Take from the entries below the stretch from the line with "Nyrenoveret Charmerende Lejlighed" through the line with "Premier Ministre de", and return it exactly, leaving the pictures out.

◆ DATA TO EXAMINE:
========================
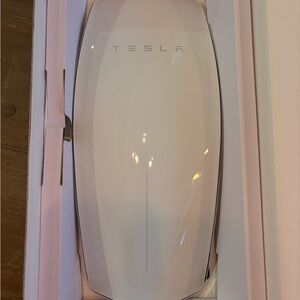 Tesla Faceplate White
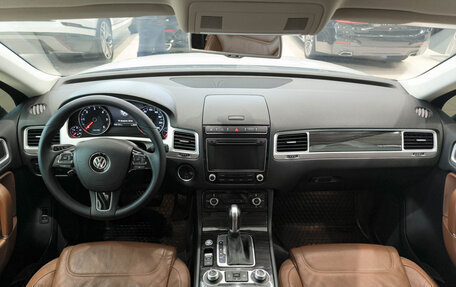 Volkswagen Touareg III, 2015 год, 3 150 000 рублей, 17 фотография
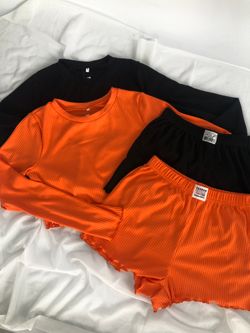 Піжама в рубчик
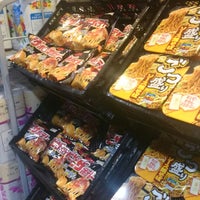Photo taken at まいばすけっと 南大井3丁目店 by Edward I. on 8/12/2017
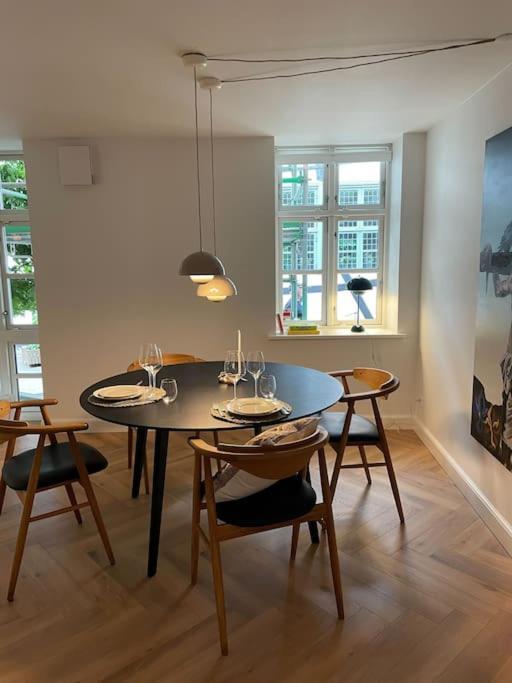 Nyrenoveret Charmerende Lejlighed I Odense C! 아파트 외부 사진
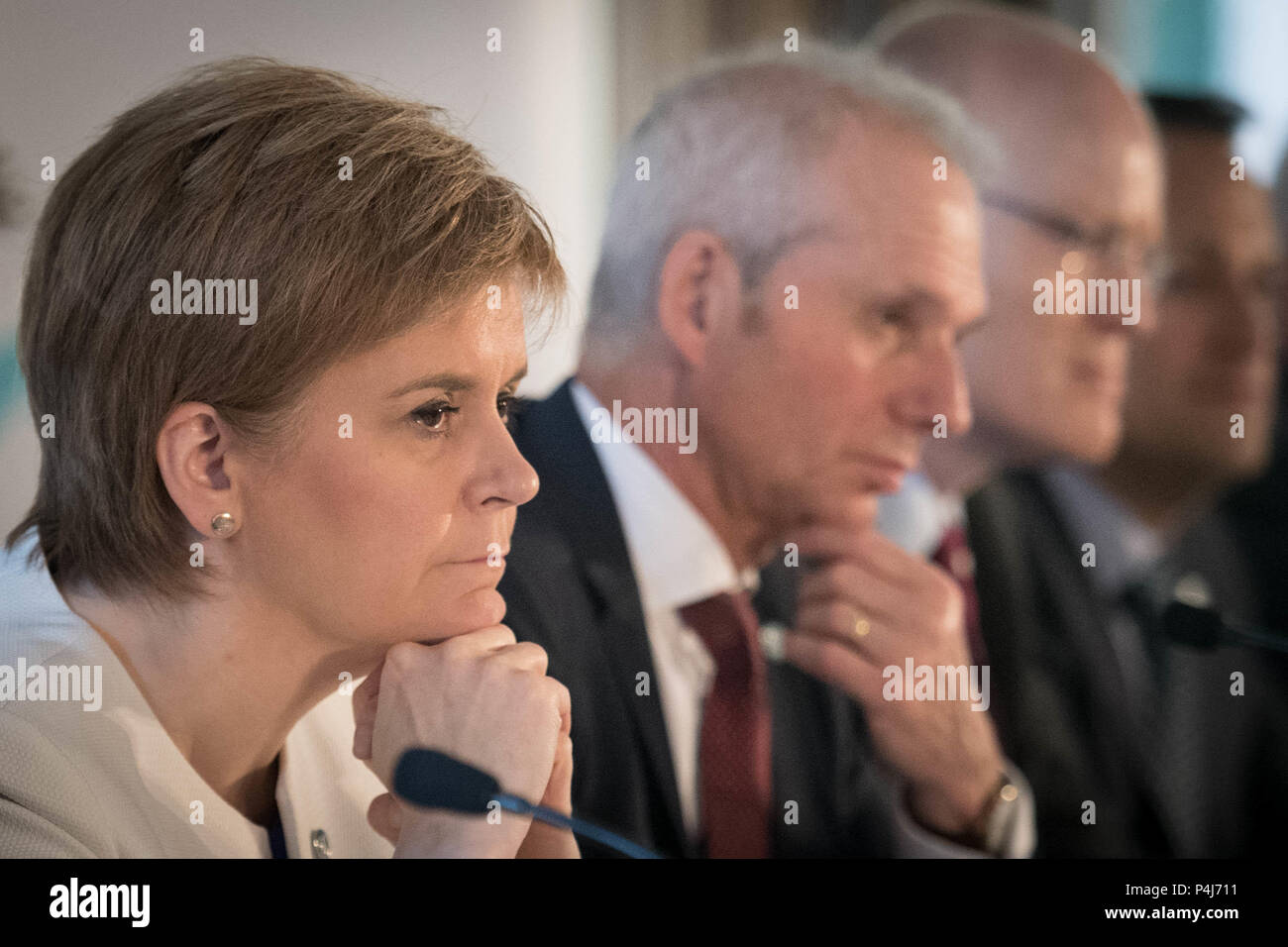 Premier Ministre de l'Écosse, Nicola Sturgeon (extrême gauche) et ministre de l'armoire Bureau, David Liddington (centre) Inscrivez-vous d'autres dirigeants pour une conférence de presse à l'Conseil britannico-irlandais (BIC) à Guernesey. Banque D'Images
========================
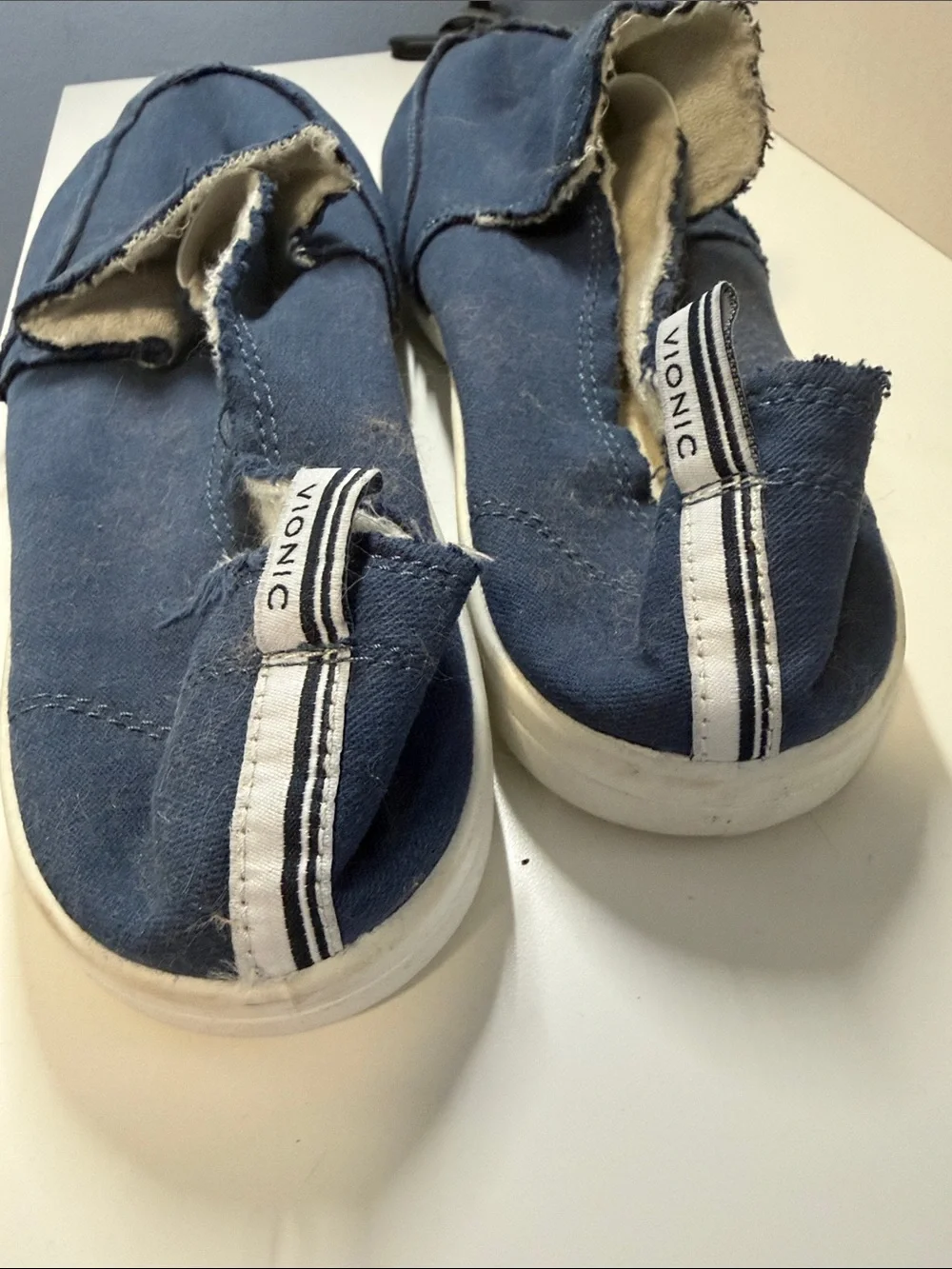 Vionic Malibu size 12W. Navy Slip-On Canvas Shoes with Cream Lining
========================
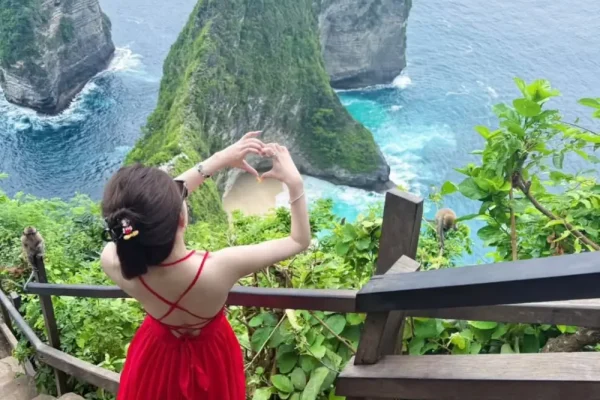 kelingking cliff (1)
========================
◆ SOLUTION FOR THIS PROBLEM:
 Nyrenoveret Charmerende Lejlighed I Odense C! 아파트 외부 사진
 Premier Ministre de l'Écosse, Nicola Sturgeon (extrême gauche) et ministre de l'armoire Bureau, David Liddington (centre) Inscrivez-vous d'autres dirigeants pour une conférence de presse à l'Conseil britannico-irlandais (BIC) à Guernesey. Banque D'Images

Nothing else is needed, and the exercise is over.